Based on the court’s ruling, Transunion has significantly lower liability and damages to payout as a result of this breach. Going forward, Class Members filing privacy and breach cases in federal court need to establish injury to their reputation or monetary loss to assert standing. This is a much higher bar to reach and leaves no room to merely assert an injury based on statutory violations under the FCRA or other laws that invoke consumer privacy rights.
Besides limiting the pool and scope of federal class actions, there are other repercussions that will stem from the Transunion decision. To understand what is to come, it is important to backtrack a few years to the Spokeo decision handed down in 2016 by the Supreme Court. This was the first time the court ruled that a concrete injury is necessary to file suit under the FCRA and only having a procedural violation is insufficient. Since then, privacy class actions have been popping up more in state courts, specifically those based on violations of biometric privacy laws, which has been a hot topic. The Transunion decision built on this principle further by clearly defining what constitutes a concrete injury and taking speculative harm out of the running.
Because of this, it is safe to say that consumers will be even more inclined to turn to state courts with their data breach and privacy matters, even when based on a federal statute, since state courts are generally more consumer friendly and lenient on standing. As such, organizations should not discount potential liability for individuals that cannot establish concrete harm and account for increased state court filings in their litigation readiness plans. While the litigation risk is reduced federally, the risk of state filings remains and will likely increase dramatically. An organization’s data breach response should remain expedient and thorough, regardless if the breach caused tangible harm. For breaches involving identity theft or grave mishandling of data resulting in widespread distribution of private information, it is important to still anticipate federal court filings that will pass standing requirements. In matters where a data breach response was fast and effective, it will be much easier for organizations to defend federal court class actions, limit liability, and achieve dismissal based on lack of standing.

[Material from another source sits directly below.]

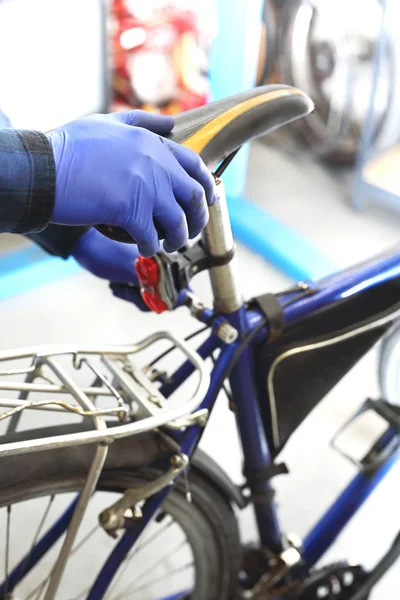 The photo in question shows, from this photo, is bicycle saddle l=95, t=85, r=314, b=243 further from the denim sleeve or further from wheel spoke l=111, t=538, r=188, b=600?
wheel spoke l=111, t=538, r=188, b=600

Another thing to expect is further input from the courts, both at the federal and state levels, about harm that data breaches or inaccurate information like a terrorism designation can cause to someone down the road. While an organization can have a quick and effective response to a breach that greatly limits the fallout, this alone does not mean that a tidbit of false or personal information did not make it out into the digital sphere, which can have an endless reach. This is a very hard thing to measure, as the harm could result from nothing too serious reputationally or measurable losses if the inaccurate information resurfaces. It will be interesting to see if any courts allow for this speculative harm in future cases involving data privacy or if the Supreme Court revisits this principle again if and when there is a shift to a more consumer-friendly bench.